INFORMATION GIVEN:
--- --- ---
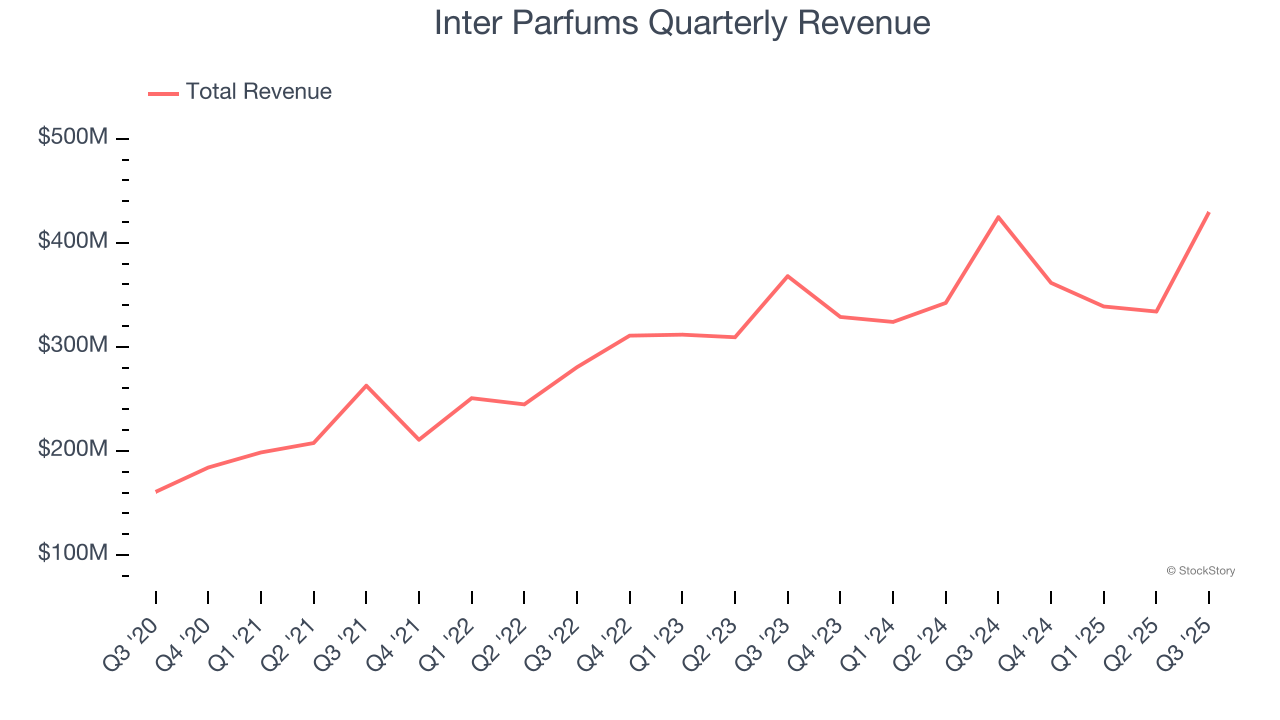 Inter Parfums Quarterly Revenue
--- --- ---
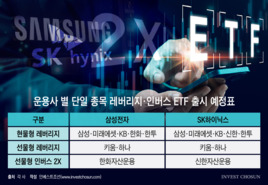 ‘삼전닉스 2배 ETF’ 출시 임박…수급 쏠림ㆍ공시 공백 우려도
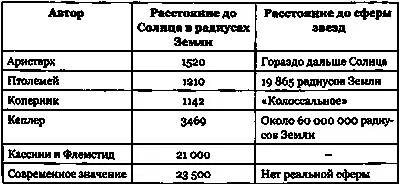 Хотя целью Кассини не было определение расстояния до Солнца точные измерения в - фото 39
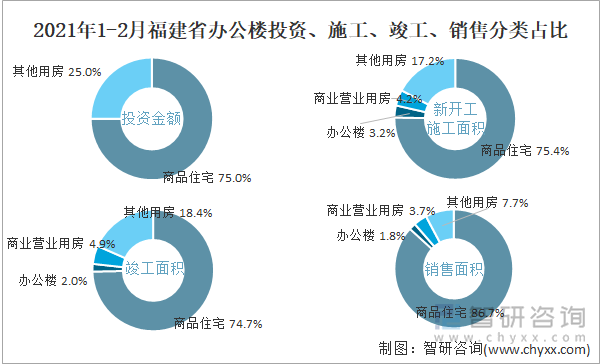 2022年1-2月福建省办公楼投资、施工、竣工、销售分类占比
--- --- ---
WORK INSTRUCTION: Within the entries above, the lines from the one containing "쏠림ㆍ공시 공백 우려도" through the one containing "2022年1-2月福建省办公楼投资、施工、竣工、销售分类占比" are to be transcribed exactly, ends included, pictures excluded.

ANSWER TO THE PROBLEM:
 ‘삼전닉스 2배 ETF’ 출시 임박…수급 쏠림ㆍ공시 공백 우려도
 Хотя целью Кассини не было определение расстояния до Солнца точные измерения в - фото 39
 2022年1-2月福建省办公楼投资、施工、竣工、销售分类占比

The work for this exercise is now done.